In particular, it operates in Italy, in the Piedmont region, for the protection of the Occitan and Franco-Provençal languages, implementing Law 482/99 “norms to protect historical linguistic minorities”.
The Occitan language is the ancient Lingua d’oc, which has seen its greatest splendor in the twelfth century through the poetry of the troubadours, widespread in all the courts of Europe. Through the key words of the troubadours (words like the word “convivencia” or “the art of living together in harmony”) the foundations of European culture and ethical values have been laid. This language is today widespread in three states: France, Spain and Italy.
The Chambra d’oc association operates in the field of language promotion through international projects such as the “Ostana Prize, Writings in Mothers Languages”, the creation of the documentary film “Bogre – traveling on the trail of Catari and Bogomili”, territorial projects of network such as “Chantar l’uvern”, publishing in language, training of operators and linguistic desks.
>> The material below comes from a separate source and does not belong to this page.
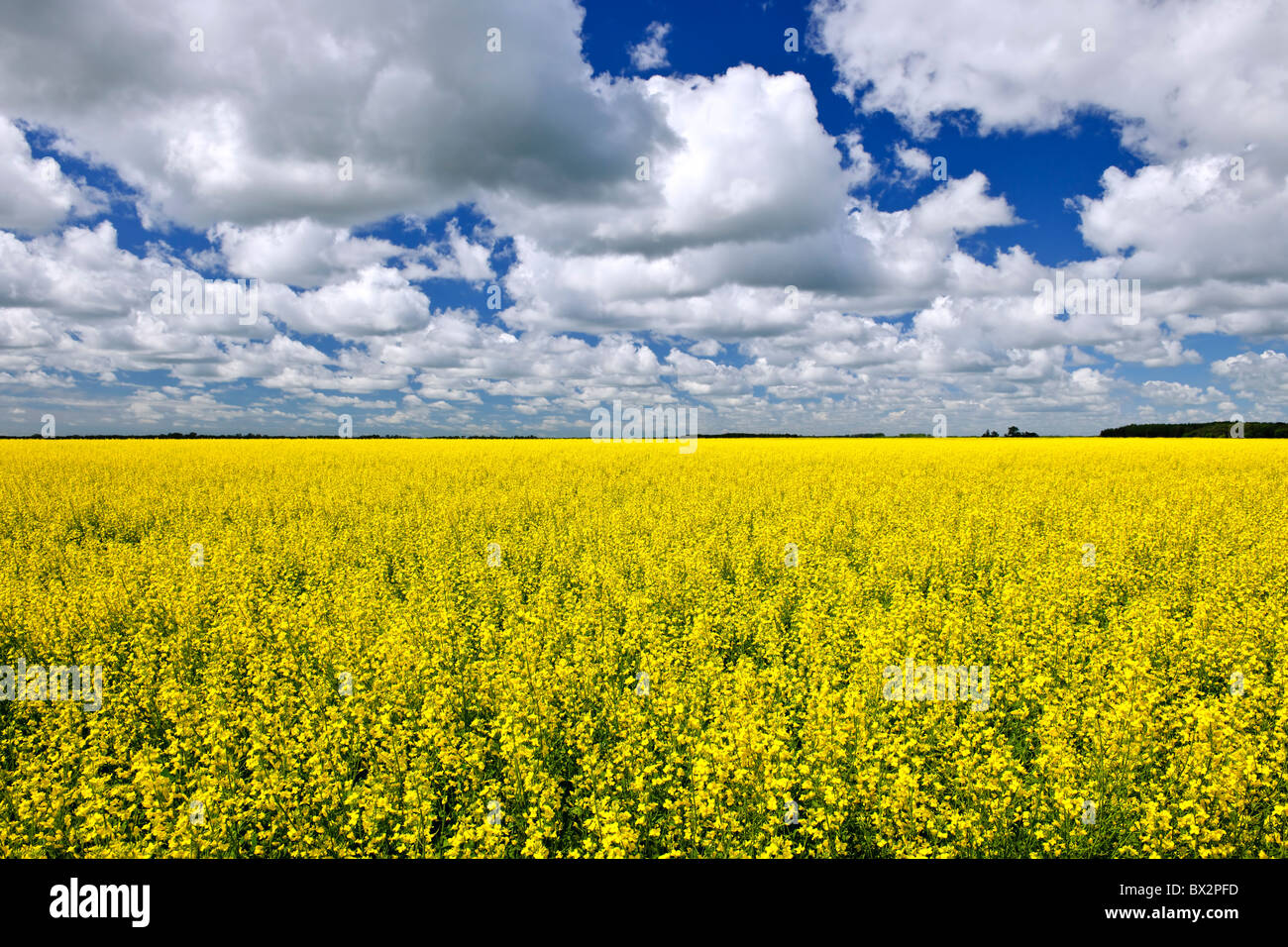 Paysage agricole de canola ou colza champ agricole au Manitoba, Canada Banque D'Images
The main objectives are the protection, promotion and enhancement of the Occitan language and culture in Italy.
The awareness of the importance attributed to linguistic-cultural diversity in international strategies has led the small community of Ostana, a small municipality in the Alps, to try to make a contribution for the recovery and revival of its native language and to implement an occasion where the language can be practiced whereby the entire linguistic heritage can return to being the centre not only of the attention and of cultural research, but of the entire community’s life as well. nThat is why since 2008 the municipality of Ostana has been promoting an event, the “Ostana Prize: Writings in Mothers Languages”, aimed at supporting and letting others know about the native languages of the world and not just its own. A commitment that arose from the history of the city and from its administration, starting from the request and then the application of the national law that protects the minority languages in Italy.
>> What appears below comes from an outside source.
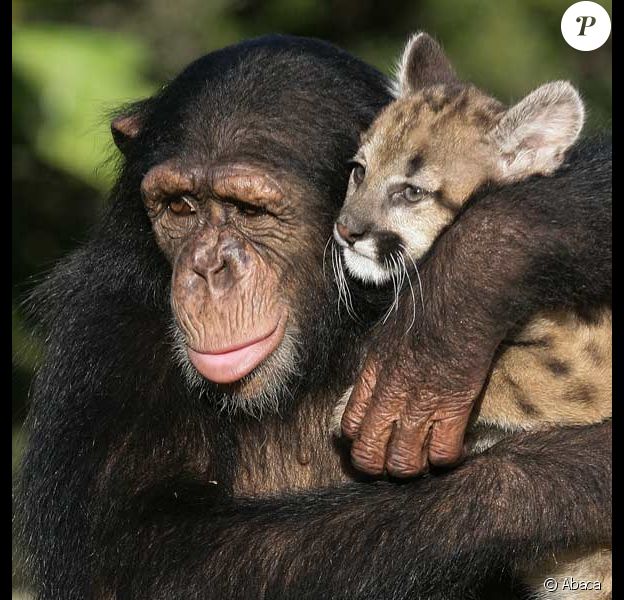 Ce Singe Se Prend Pour Un Puma C Est Tres Dangereux Purepeople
The “Ostana Prize: Writings in Mothers Languages” is in fact a celebration of the cultural biodiversity of humanity. The common goal is to listen to the sound of indigenous uncommon languages that nevertheless want to live, and through them discover the past and present stories of the peoples who speak them. The native languages represented at the Premio Ostana have the common characteristic of being unfortunately relegated to a condition of unequal opportunities compared to the dominant language of their reference states, and for this reason each of them incarnates a specificity and biodiversity to defend, preserve, protect and describe.
While it is true that each linguistic-cultural area has its own specifics, it is equally true that problems and difficulties are often common, and strategies and plans can be common to deal with.
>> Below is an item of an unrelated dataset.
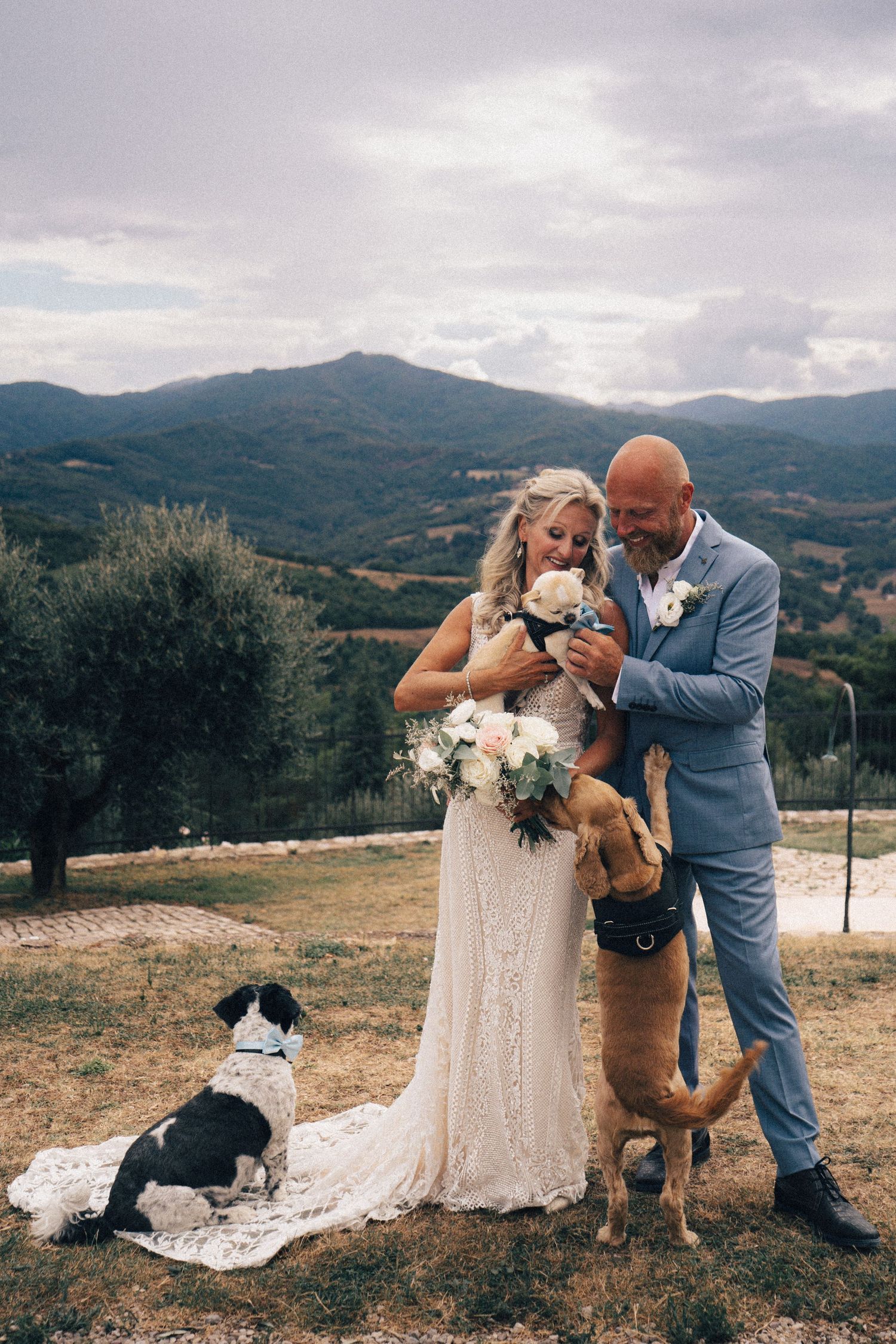A couple in wedding attire share a loving moment with their dogs against a backdrop of mountains and olive trees.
Born with the desire to know and make known writers, filmmakers, musicians from different parts of the planet, it has become a formidable opportunity to meet and exchange experiences for dozens of authors who in Europe, Africa, Asia, the Americas and in Oceania illustrate and make the language of their community alive with their creative work.
In Ostana, 33 mother tongues have alternated over the course of 10 years, in each edition there has been the presence of an indigenous language.
The guest languages were the following: Friulian, Slovene, Cimbra, Sudtirol, Armenian, Sardinian, Tibetan, Tutunakú, Rromani, Galician, Maori, Basque, Saami, Kurdish, Cheyenne, Corsican, Hebrew, Catalan, Maltese, Yoruba, Shuar, Frisian, Grika, Huave, Breton, Romancia, Innu, Mazzateco, Nynorsk, Amazigh-kabyla, Kurdish, Gaelic, Occitan.